Après avoir acquis Frédéric Brégard à sa cause, le père Milouin s’assura même du soutien de la totalité de Cessigney car « même si le Frédéric se trompait, il avait raison : Un homme qui arrivait de faire six mois [de prison] avait plus de prestige, il disposait du cœur de Cessigney. »

Sur les esprits simples, l’effet de la campagne de fake news s’exprime peu après dans les propos de Capucet qui, à peine entré chez Coindet, lui dit: « Alors, tu l’as tuée ». Tout aussi innocemment, il dévoile sa source : Léontine. Coindet comprend ce qui se passe et s’estime blessé par l’attitude de tous ceux qui le condamnent sans même avoir cherché la vérité. Fort heureusement pour lui, son ami de toujours, Victor Truchot, reste lucide et lui fait comprendre avec force qu’il ne s’agit que de
« racontars de Milouin.[… ] Et qu’est-ce que c’est que Milouin. Un homme pas propre, un vieux rogneux, menteur et connu de tout Cantagrel. Il en aura trouvé deux ou trois pour l’écouter, deux trois qui l’enverront promener demain matin. Y a pas de raison que tu te fasses du souci. Laisse aller. »

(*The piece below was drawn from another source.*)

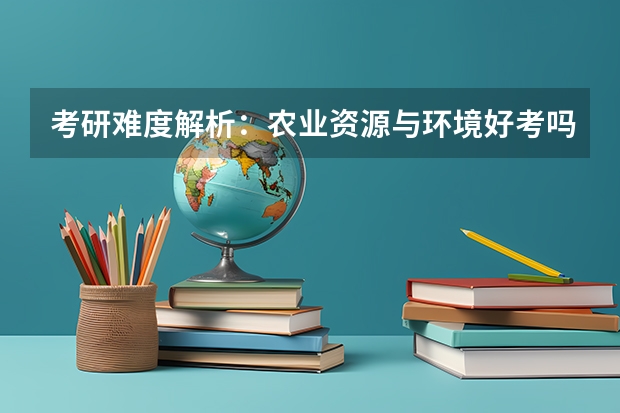考研难度解析:农业资源与环境好考吗考哪些内容呢?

Réconforté, Coindet ne fut pas inquiété. Mais l’intrigue ne s’arrête pas là. Elle évolue vers un dénouement qui nous fait méditer une fois de plus sur la force du destin.

—————————————
Depuis 1929, date de sa première publication, La Table-aux-Crevés a été reprise de nombreuses fois. On la trouve dans la collection Folio ainsi que dans le volume I des Oeuvres romanesques complètes, de La Pléiade.